— TASK ITEM —
Skip all pictures; return exactly the lines from the one containing "중국식자재마트 이미지" through the end of the data.

(INPUT RECORDS begins)

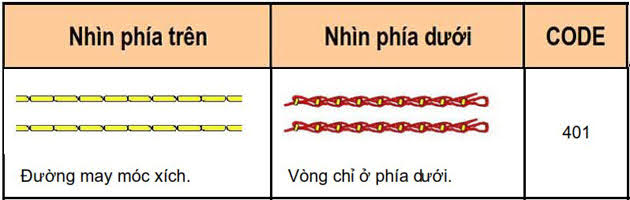 22 Kiểu Đường May Và Ứng Dụng Trong May Mặc 7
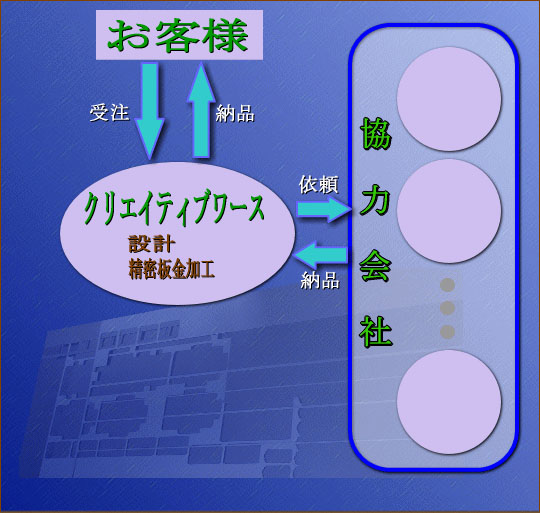 設計から製作まで一貫して承ります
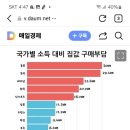 중국식자재마트 이미지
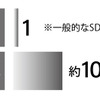 一般的なSDカード（2D NAND型TLC方式）の約10倍長持ち
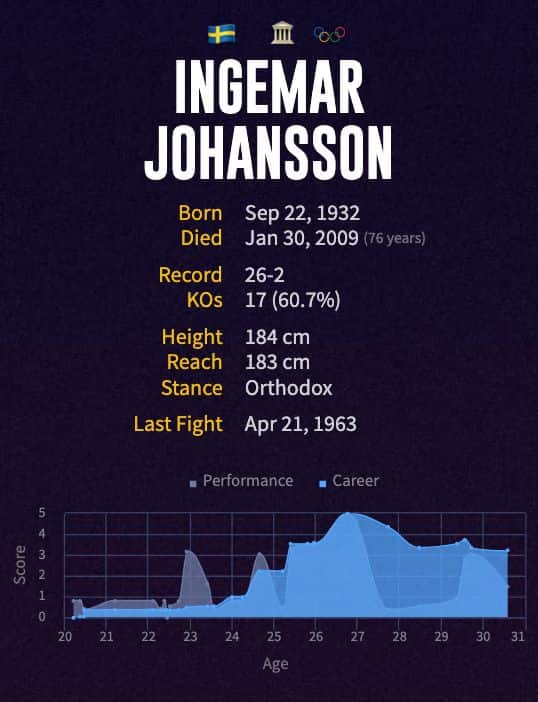 Ingemar Johansson's boxing career
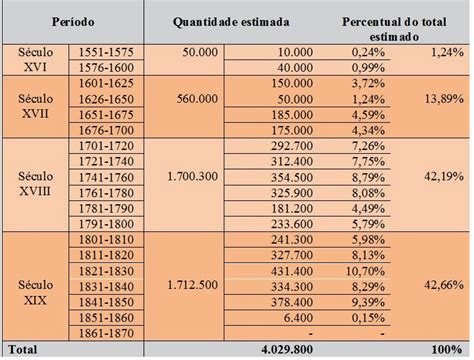 Apreender História Etnias e povos africanos na formação histórico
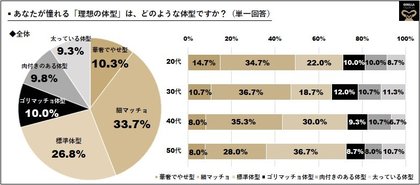 50代男性に聞く 筋トレ ダイエット 男性が最も憧れる理想体型は 細身 細マッチョ 痩せ型 44 0 男性が選ぶ 理想のボディを持つ 男性有名人 最多に 武田真治 次点に イチロー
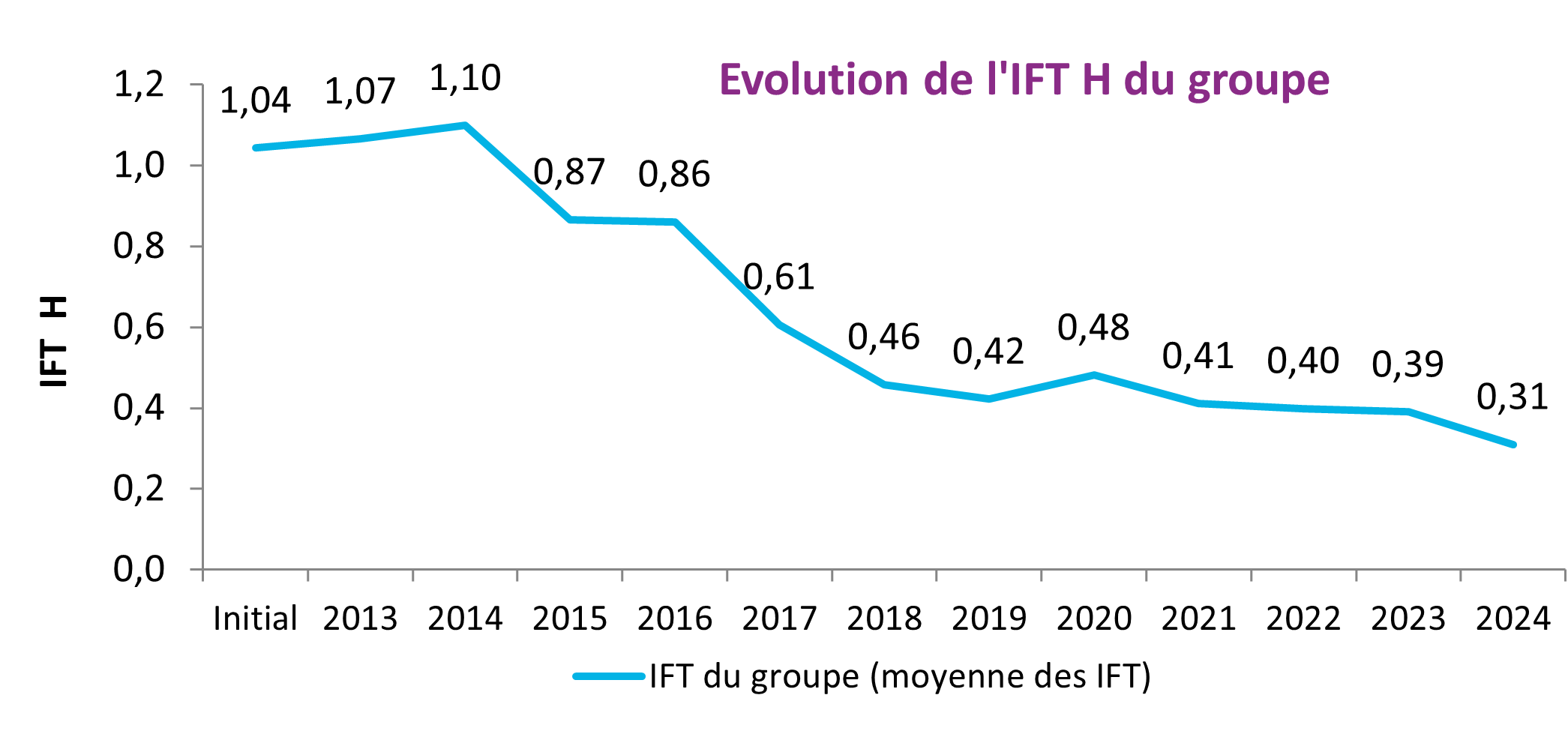 Évolution des IFT H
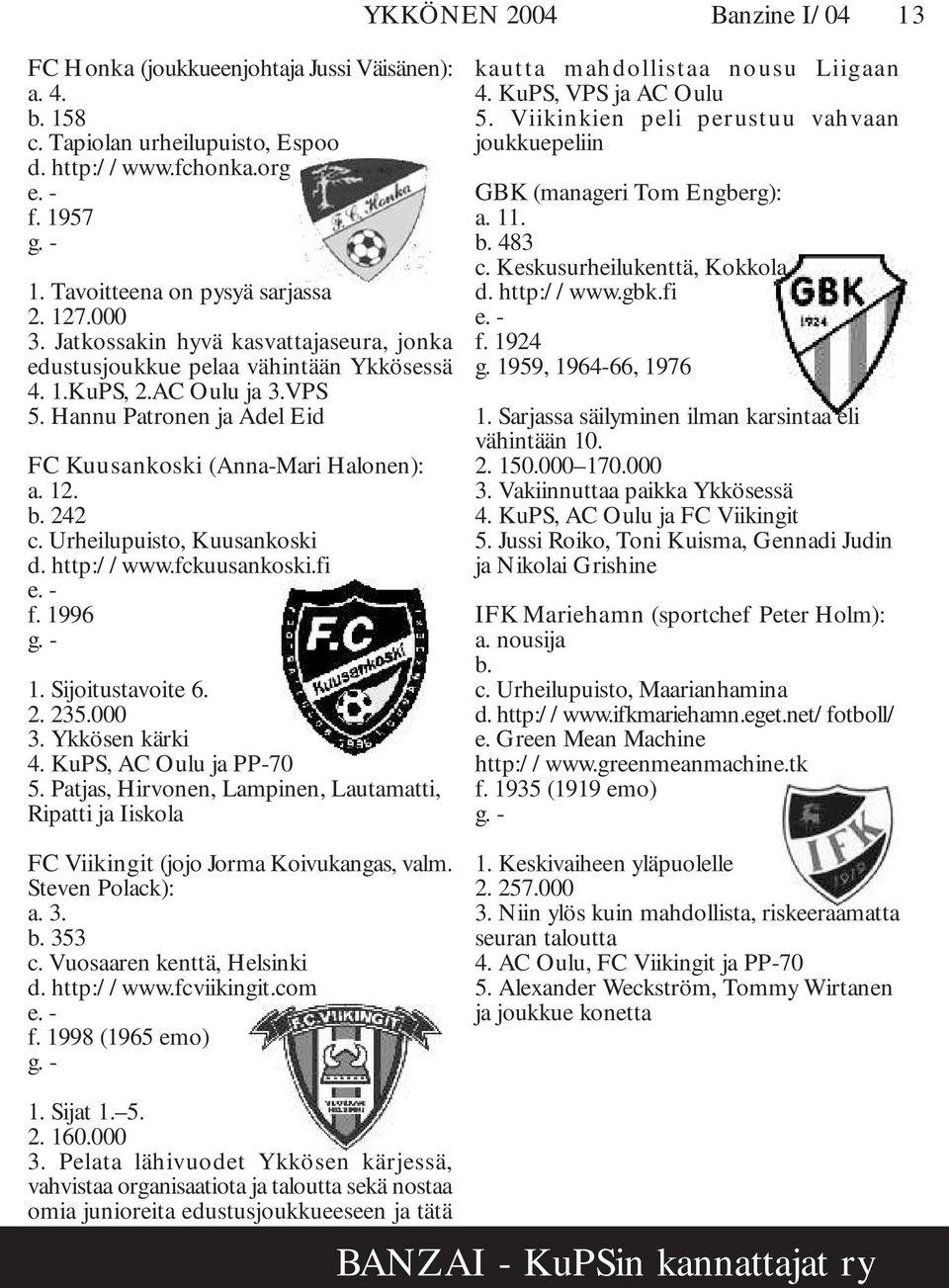 Urheilupuisto, Kuusankoski d. http://www.fckuusankoski.fi f. 1996 1. Sijoitustavoite 6. 2. 235.000 3. Ykkösen kärki 4. KuPS, AC Oulu ja PP-70 5.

(INPUT RECORDS ends)

— ANSWER SPACE —
 중국식자재마트 이미지
 一般的なSDカード（2D NAND型TLC方式）の約10倍長持ち
 Ingemar Johansson's boxing career
 Apreender História Etnias e povos africanos na formação histórico
 50代男性に聞く 筋トレ ダイエット 男性が最も憧れる理想体型は 細身 細マッチョ 痩せ型 44 0 男性が選ぶ 理想のボディを持つ 男性有名人 最多に 武田真治 次点に イチロー
 Évolution des IFT H
 Urheilupuisto, Kuusankoski d. http://www.fckuusankoski.fi f. 1996 1. Sijoitustavoite 6. 2. 235.000 3. Ykkösen kärki 4. KuPS, AC Oulu ja PP-70 5.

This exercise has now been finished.